Tsara Joro : « La mémoire mise en scène »
18 septembre 2025 // Cinéma // 57 vues // Nc : 188

Avec Tsara Joro, Daniel Martin Losa signe un premier long-métrage à la fois âpre et bouleversant. Entre rigueur historique et souffle romanesque, cet Espagnol passionné de cinéma et de mémoire raconte, à travers une fresque de 1h45, les drames et les luttes qui ont marqué l’histoire coloniale de Madagascar. Rencontre avec un réalisateur autodidacte qui, armé de peu de moyens mais d’une conviction brûlante, veut transmettre aux jeunes générations le poids d’un passé encore trop peu raconté.

« Tsara Joro », c’est un film documentaire ?
Non, je le qualifierais plutôt de fiction historique. J’ai énormément lu sur l’histoire de Madagascar pour écrire le scénario et mené de longues enquêtes. Tout ce qui concerne la dimension historique est authentique. Malgré un budget très serré, je n’ai pas ménagé mes efforts pour m’immerger dans cette période sombre, depuis le Protectorat français jusqu’à l’Indépendance. Aucun des écrivains que j’avais approchés n’a accepté de m’accompagner pour le scénario ; j’ai donc dû m’y consacrer seul. Même les uniformes des militaires et les costumes des personnages emblématiques ont été confectionnés à partir de documents d’époque. Cela dit, j’ai intégré une histoire d’amour fictive, un triangle amoureux, pour adoucir la dureté des scènes qui s’enchaînent tout au long du film.

Pourquoi un film sur l’histoire coloniale de Madagascar ?
Je suis journaliste et cinéphile, Espagnol d’origine, et j’ai voulu que mon premier film soit tourné ici, à Madagascar. Ce projet est une manière d’honorer la mémoire des victimes de l’insurrection de 1947 et de transmettre cette histoire aux jeunes générations. Je suis Vazaha, oui, mais pas Français : Espagnol. Mon objectif était d’apporter un regard aussi neutre que possible. Les faits que nous relatons sont impardonnables, inoubliables. Nous avons interrogé des historiens malgaches, français, sénégalais… Ce film conjugue réalisme, engagement et devoir de mémoire. Tsara Joro se veut à la fois un outil de transmission et un support de réflexion, en transformant la fiction en un levier de sensibilisation.

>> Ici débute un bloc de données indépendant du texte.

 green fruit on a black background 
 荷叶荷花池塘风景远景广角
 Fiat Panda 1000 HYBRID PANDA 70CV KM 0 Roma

Que raconte « Tsara Joro », en bref ?
Sorti officiellement à la veille de la fête nationale, Tsara Joro a été projeté lors de deux séances exceptionnelles au Canal Olympia Andohatapenaka. Ce long-métrage de 1h45, inspiré de faits réels, retrace avec intensité la lutte pour l’Indépendance de Madagascar, depuis le règne de Ranavalona III jusqu’au 26 juin 1960. Le film s’articule en deux temps : il plonge d’abord dans l’époque du Protectorat avant de basculer vers l’insurrection de 1947, avec, en point d’orgue, la tragédie du train de Moramanga le 29 mars 1947. Cette scène glaçante a d’ailleurs été tournée sur les lieux mêmes des événements.

Concrètement, quelle est votre relation avec Madagascar ?
Je suis Espagnol mais j’ai vécu 26 ans en Belgique. Journaliste de formation, spécialisé en critique cinéma, j’ai aussi étudié le théâtre français. Après un passage dans un quotidien belge, je suis rentré en Espagne puis installé à Madagascar il y a quatre ans. Ce qui me lie à ce pays ? Avant tout une profonde humanité. Les deux cent mille morts de cette lutte m’ont interpellé. Enfants, femmes, vieillards… leur massacre est un drame qui ne peut être oublié. Ce film est un hommage, une tentative de donner une voix à ces victimes invisibles.

Comment s’est déroulée la réalisation de votre film ?
C’est mon premier film, et il faut le dire : ce fut un véritable défi. Dix jours de tournage seulement, un casting où beaucoup d’acteurs étaient des débutants… mais tous ont donné le meilleur d’eux-mêmes. J’ai écrit le scénario en français. Dans le film, les Français parlent leur langue, les Malgaches s’expriment en malgache, grâce à une traduction cinématographique adaptée au rythme et à la musicalité des dialogues. L’authenticité était mon obsession. Certains comédiens ont même improvisé pour mieux habiter leur rôle. Bien sûr, il y a des imperfections – quelques faux raccords, des détails sur les costumes de figurants – mais je crois que l’essentiel est ailleurs. J’espère surtout que ce film pourra être montré largement, notamment dans des écoles ou des églises, pour continuer à éveiller les consciences.